_Exercise requirements_: Somewhere below is a line with "Artelibre - 15350088" and, later, a line with "Norske Håndflagg 6 stk."; repeat those two lines and all the lines between them, exactly as they are.

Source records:
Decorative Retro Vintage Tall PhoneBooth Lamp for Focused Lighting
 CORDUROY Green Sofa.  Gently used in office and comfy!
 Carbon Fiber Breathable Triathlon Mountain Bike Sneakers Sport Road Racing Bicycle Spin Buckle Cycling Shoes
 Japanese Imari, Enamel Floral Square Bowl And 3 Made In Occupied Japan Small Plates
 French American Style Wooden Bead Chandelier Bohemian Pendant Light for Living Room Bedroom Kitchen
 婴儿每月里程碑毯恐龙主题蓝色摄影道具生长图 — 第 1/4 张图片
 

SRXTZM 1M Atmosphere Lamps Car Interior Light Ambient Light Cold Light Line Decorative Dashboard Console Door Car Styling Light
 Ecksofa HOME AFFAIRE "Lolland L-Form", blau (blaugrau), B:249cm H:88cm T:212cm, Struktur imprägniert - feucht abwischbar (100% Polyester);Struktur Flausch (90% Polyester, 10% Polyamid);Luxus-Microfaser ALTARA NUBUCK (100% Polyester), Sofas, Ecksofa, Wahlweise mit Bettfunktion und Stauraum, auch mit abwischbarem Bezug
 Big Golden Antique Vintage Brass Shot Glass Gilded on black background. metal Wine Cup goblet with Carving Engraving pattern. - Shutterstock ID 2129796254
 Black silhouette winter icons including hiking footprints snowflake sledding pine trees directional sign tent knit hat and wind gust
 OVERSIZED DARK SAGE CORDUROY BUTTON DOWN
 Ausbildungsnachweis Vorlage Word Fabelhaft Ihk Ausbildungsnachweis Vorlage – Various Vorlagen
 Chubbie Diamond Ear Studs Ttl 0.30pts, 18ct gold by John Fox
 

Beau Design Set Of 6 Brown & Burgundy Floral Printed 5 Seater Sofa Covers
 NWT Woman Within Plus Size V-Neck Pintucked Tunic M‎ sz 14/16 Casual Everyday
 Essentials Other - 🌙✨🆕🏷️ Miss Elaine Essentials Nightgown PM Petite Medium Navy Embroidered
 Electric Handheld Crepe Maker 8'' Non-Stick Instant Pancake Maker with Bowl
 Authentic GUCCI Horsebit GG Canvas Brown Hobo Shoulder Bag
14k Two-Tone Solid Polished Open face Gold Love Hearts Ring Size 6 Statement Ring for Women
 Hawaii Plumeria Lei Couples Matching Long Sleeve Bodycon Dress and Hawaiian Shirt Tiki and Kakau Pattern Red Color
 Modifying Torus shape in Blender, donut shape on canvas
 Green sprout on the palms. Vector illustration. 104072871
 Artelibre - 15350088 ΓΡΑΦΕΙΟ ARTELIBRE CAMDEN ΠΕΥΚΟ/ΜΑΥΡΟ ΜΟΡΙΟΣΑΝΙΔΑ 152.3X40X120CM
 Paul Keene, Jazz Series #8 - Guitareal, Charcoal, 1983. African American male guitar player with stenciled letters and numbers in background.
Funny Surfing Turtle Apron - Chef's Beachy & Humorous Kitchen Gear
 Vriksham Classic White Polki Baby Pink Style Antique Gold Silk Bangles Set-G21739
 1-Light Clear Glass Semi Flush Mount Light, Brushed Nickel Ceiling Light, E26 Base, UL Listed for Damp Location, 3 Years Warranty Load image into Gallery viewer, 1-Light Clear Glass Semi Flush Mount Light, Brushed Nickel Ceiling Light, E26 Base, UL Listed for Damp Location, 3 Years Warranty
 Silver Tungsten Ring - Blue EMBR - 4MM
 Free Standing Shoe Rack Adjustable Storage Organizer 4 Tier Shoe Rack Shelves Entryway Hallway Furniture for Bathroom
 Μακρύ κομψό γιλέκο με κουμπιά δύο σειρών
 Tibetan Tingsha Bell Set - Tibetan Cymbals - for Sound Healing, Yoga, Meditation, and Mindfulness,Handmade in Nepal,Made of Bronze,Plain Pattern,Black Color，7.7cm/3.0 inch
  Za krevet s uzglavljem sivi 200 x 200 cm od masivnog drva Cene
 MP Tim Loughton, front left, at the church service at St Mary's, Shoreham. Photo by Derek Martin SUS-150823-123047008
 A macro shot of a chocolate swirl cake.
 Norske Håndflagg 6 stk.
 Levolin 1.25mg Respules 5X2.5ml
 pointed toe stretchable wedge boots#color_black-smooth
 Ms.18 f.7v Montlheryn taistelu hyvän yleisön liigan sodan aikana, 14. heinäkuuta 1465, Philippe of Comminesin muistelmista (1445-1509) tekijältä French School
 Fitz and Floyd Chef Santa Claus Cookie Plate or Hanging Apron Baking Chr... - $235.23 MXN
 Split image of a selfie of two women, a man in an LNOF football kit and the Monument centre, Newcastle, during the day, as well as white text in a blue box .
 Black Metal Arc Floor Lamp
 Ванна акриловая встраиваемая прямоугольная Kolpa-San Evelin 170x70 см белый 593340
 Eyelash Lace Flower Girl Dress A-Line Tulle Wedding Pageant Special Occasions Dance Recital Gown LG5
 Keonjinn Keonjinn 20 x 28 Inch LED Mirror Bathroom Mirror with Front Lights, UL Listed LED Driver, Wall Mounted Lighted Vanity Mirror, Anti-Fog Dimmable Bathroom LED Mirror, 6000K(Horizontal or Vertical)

_Your solution_:
 Artelibre - 15350088 ΓΡΑΦΕΙΟ ARTELIBRE CAMDEN ΠΕΥΚΟ/ΜΑΥΡΟ ΜΟΡΙΟΣΑΝΙΔΑ 152.3X40X120CM
 Paul Keene, Jazz Series #8 - Guitareal, Charcoal, 1983. African American male guitar player with stenciled letters and numbers in background.
Funny Surfing Turtle Apron - Chef's Beachy & Humorous Kitchen Gear
 Vriksham Classic White Polki Baby Pink Style Antique Gold Silk Bangles Set-G21739
 1-Light Clear Glass Semi Flush Mount Light, Brushed Nickel Ceiling Light, E26 Base, UL Listed for Damp Location, 3 Years Warranty Load image into Gallery viewer, 1-Light Clear Glass Semi Flush Mount Light, Brushed Nickel Ceiling Light, E26 Base, UL Listed for Damp Location, 3 Years Warranty
 Silver Tungsten Ring - Blue EMBR - 4MM
 Free Standing Shoe Rack Adjustable Storage Organizer 4 Tier Shoe Rack Shelves Entryway Hallway Furniture for Bathroom
 Μακρύ κομψό γιλέκο με κουμπιά δύο σειρών
 Tibetan Tingsha Bell Set - Tibetan Cymbals - for Sound Healing, Yoga, Meditation, and Mindfulness,Handmade in Nepal,Made of Bronze,Plain Pattern,Black Color，7.7cm/3.0 inch
  Za krevet s uzglavljem sivi 200 x 200 cm od masivnog drva Cene
 MP Tim Loughton, front left, at the church service at St Mary's, Shoreham. Photo by Derek Martin SUS-150823-123047008
 A macro shot of a chocolate swirl cake.
 Norske Håndflagg 6 stk.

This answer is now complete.